With more money and house, we would have a gaming room, business conference center, craft headquarters, sewing room, repair bench, framing shop and gift wrapping center.
Instead, we have a dining room table.
First and foremost, it is a communal dining table where we share our days, thoughts and plans over dinner. All else bows to that time around the table – sometimes with a tablecloth and napkins – all too frequently of late with the minimal accessories and left-overs straight from the microwave.
But the rest of the day – between family meals, the table morphs.
Sometimes it morphs into a business hub with piles of papers, pencils, calculators and envelopes. Once a month, my husband sits there to balance the check book and pay bills. Once a year, we arrange stacks of receipts and make it our tax preparation center, and of late it fills in as a conference room table as a couple college men consider sales territories, sales receipts and cover the table with papers and samples.

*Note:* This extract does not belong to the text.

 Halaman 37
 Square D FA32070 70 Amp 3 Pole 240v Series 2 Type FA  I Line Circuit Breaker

Several nights last month the business conferences deferred to a sewing project for the baby’s room as I coached my daughter through making a coordinated set of accessories for her expected baby’s room.

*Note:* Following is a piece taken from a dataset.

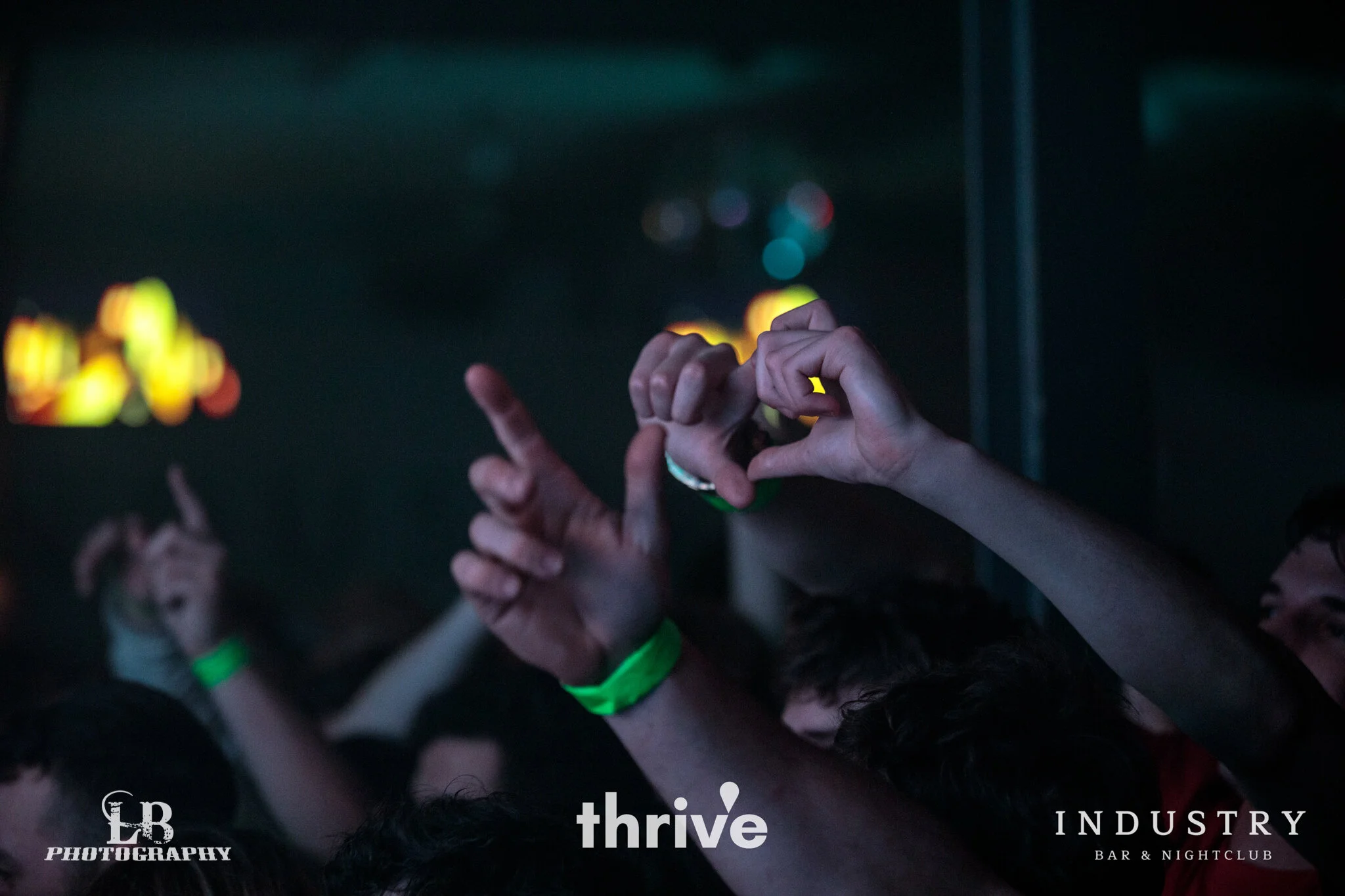 048 - LBP-Lee-Mvtthews-Nelson-Web-Res.JPG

No business conferences tonight, guys. We have some serious sewing to do.
The portable sewing machine took a front and center position with light on and the needle punching out 12 stitches per inch at 10 feet per minute.
The guys quietly moved to the back bedroom to talk and plan.
I do not yield so graciously when I come home to nuts, bolts, hammers, screw drivers, screws and nails littering the table. My husband never quite understands my consternation. For small repair jobs, the dining room table looks like a workbench to him. I try to not say too much. I know how frequently I hand him a picture, matting material and frame and expect him to prepare it – even if it means using the dining room table as a workbench.
Hints of a third generation of projects appear during visits from grandchildren who convert the table into a craft arena with paint, glue, scissors and paper.
Sometimes visitors morph it into a gaming table. Choosing between Monopoly, Sorry, UNO or Dutch Blitz, we re-arrange the chairs, add a dish of popcorn, a fruit smoothie or quart jar of ice water each. The gaming table hums late into the night over a friendly game of ‘Sorry’.
I’ve heard of homes with ‘gift wrapping rooms.’ We have one – it emerges before holidays, birthdays, baby showers and such as I haul out ribbon, wrapping paper, scissors, scotch tape and greeting cards and put them on the table with the gifts.
Several years ago – after too many meals, too many game nights, too many sewing and work bench projects, the table top’s original finish wore thin. For a couple weeks it became the project for our handyman who stripped varnish off the top of the table, sanded out the rough spots and refinished it with a couple layers of water-proof varnish – thus guaranteeing durability for diverse uses for the table.
When I know company is coming, I cover scratches with a tablecloth and silk floral arrangement, to prove we do live graciously – we have flowers on the table – at least until the next time I need a picture matted and framed.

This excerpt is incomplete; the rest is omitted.